Documentation ¶
Overview ¶
Package io is an Input/Output package. GoSPN reads and writes from .data files. To run GoSPN we must first convert a dataset into a data file. For now, GoSPN supports converting PGM and PBM image files into data files.
Converting PGM files is done by io/pgm.go, whilst PBM files are handled by io/pbm.go. Function names are (supposed to be) intuitive: the input format (e.g. PGM) followed by a suffix to indicate whether it is a folder or not (e.g. F) to the output format data (e.g. PGMFToData). The Buffered variant is for big datasets. Instead of saving every file stream in memory, we concurrently run each stream according to the number of CPUs in the user's machine.

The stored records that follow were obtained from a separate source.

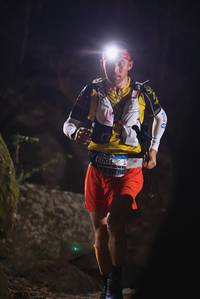 BIB: 
                            <button type="button" onclick="openModal(19475752)" class="btn btn-primary btn-sm float-right btn-popup" data-toggle="modal" data-target=".modal-high-quality">
                        <i class="fas fa-shopping-cart"></i> Add to Cart
                    </button>
                                            <button type="button" onclick="isThisMe(19475752, true)" class="btn btn-success btn-sm float-right btn-popup btn-isme hidden" data-toggle="tooltip" data-placement="bottom" title="นี่คือรูปของคุณใช่ไหม คลิกที่นี่เพื่อเอาเข้าอัลบั้ม">
                        <i class="fas fa-plus"></i> Add to album
                    </button>
                    <button type="button" onclick="isThisMe(19475752, false)" class="btn btn-warning btn-sm float-right btn-popup btn-isnotme hidden">
                        <i class="fas fa-ban"></i> Remove from album
                    </button>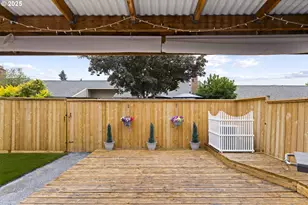 16925 SW Monterey Ln, Portland, OR 97224 - Photo 24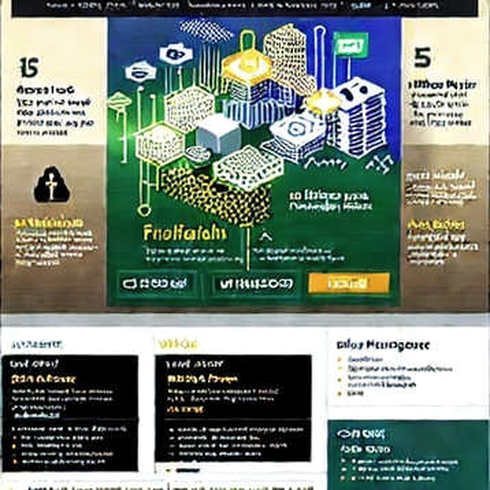 Khi phân tích blockchain trở nên trống rỗng: Bài học từ một báo cáo không dữ liệu Khi phân tích blockchain trở nên trống rỗng: Bài học từ một báo cáo không dữ liệu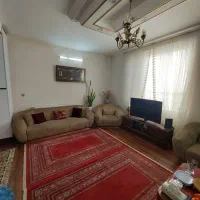 85 متر اپارتمان فول علوی حسابی|فروش آپارتمان|خرم‌آباد, |دیوار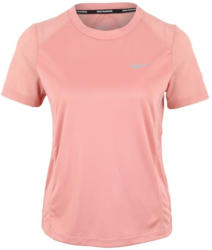 Laufshirt ´Dry Miler´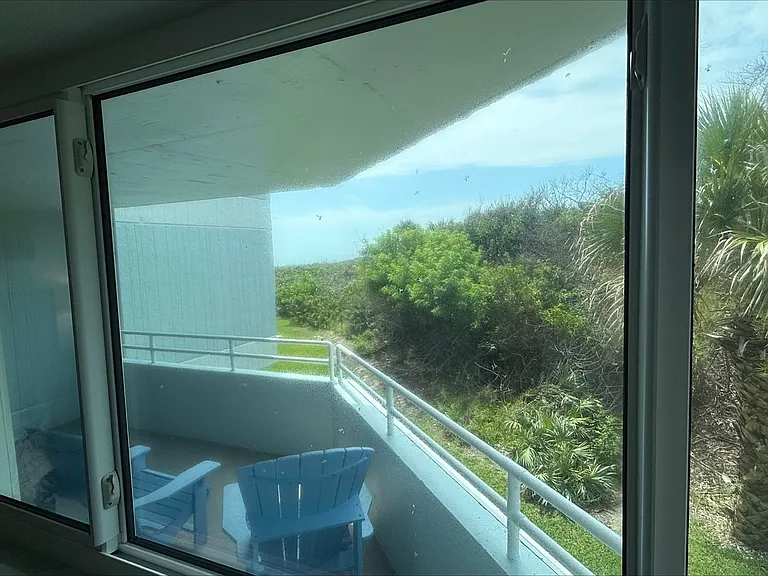 6355 S Highway A1A #4 — Photo 18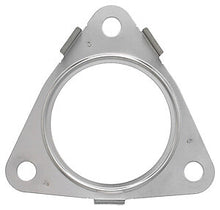 Load image into Gallery viewer, Elring Dichtung Gasket 151.000 fits 2008-2010 Porsche Cayenne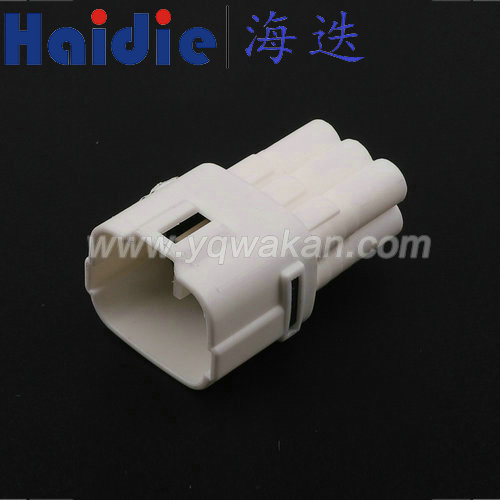 HD069Y-2.2-11W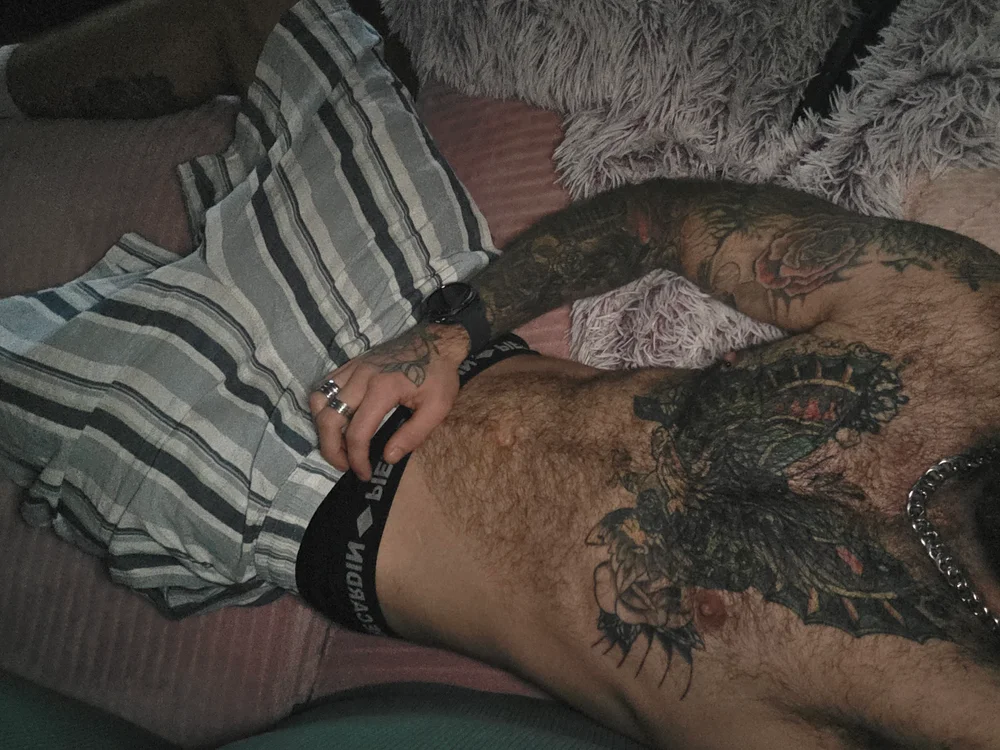 Offline XXX chat FTM-Lee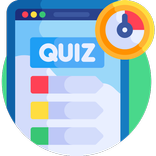 IT quiz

We differentiate Data from Evidence. Data is supposed to contain the classification labels, that is, data is the training set. Evidence removes the instance's labels and acts as test set.
For output we follow the same format as input. VarSetToPGM, for instance, takes a variable instantiation set and converts it into a PGM image. This is useful for image completion.
Other output functions include DrawGraphTools and DrawGraph. DrawGraphTools draws the given SPN into a graph-tool python script. This script can be run just like any pythons script. After doing so, a new image of the SPN will be generated. Note that this requires the graph-tool library (https://graph-tool.skewed.de/). DrawGraph uses Graphviz to draw the graph. You can then run the resulting dot script with sfdp, neato or any other layout program. This requires the graphviz library (http://www.graphviz.org/).
WriteToFile writes the SPN to a file. TODO: ReadFromFile should read the SPN from a .mdl file.
Index ¶
- Variables
- func ARFFToData(dirname, fname, dname string)
- func BufferedPGMFToData(dirname, dname string) (int, int, int)
- func DownloadFromURL(u, p string, override bool) error
- func DrawGraph(filename string, s spn.SPN)
- func DrawGraphTools(filename string, s spn.SPN)
- func GetDataPath(dataset string) string
- func GetPath(relpath string) string
- func ImgCmplToPGM(filename string, orig, cmpl spn.VarSet, typ CmplType, w, h, max int)
- func ImgCmplToPPM(filename string, orig, cmpl spn.VarSet, typ CmplType, w, h int)
- func LoadSPN(filename string) (spn.SPN, error)
- func PBMFToData(dirname, dname string)
- func PBMFToEvidence(dirname, dname string)
- func PBMToData(dirname, dname string, class int)
- func PGMFToData(dirname, dname string) (int, int, int)
- func PGMFToEvidence(dirname, dname string) (int, int, int)
- func ParseArff(filename string) (name string, sc map[int]*learn.Variable, vals []map[int]int, ...)
- func ParseData(filename string) (map[int]*learn.Variable, []map[int]int)
- func ParseDataNL(filename string) (map[int]*learn.Variable, []map[int]int, []int)
- func ParseEvidence(filename string) (map[int]*learn.Variable, []map[int]int, []int)
- func ParsePartitionedData(filename string, p float64, rseed int64) (map[int]*learn.Variable, []map[int]int, []map[int]int, []int)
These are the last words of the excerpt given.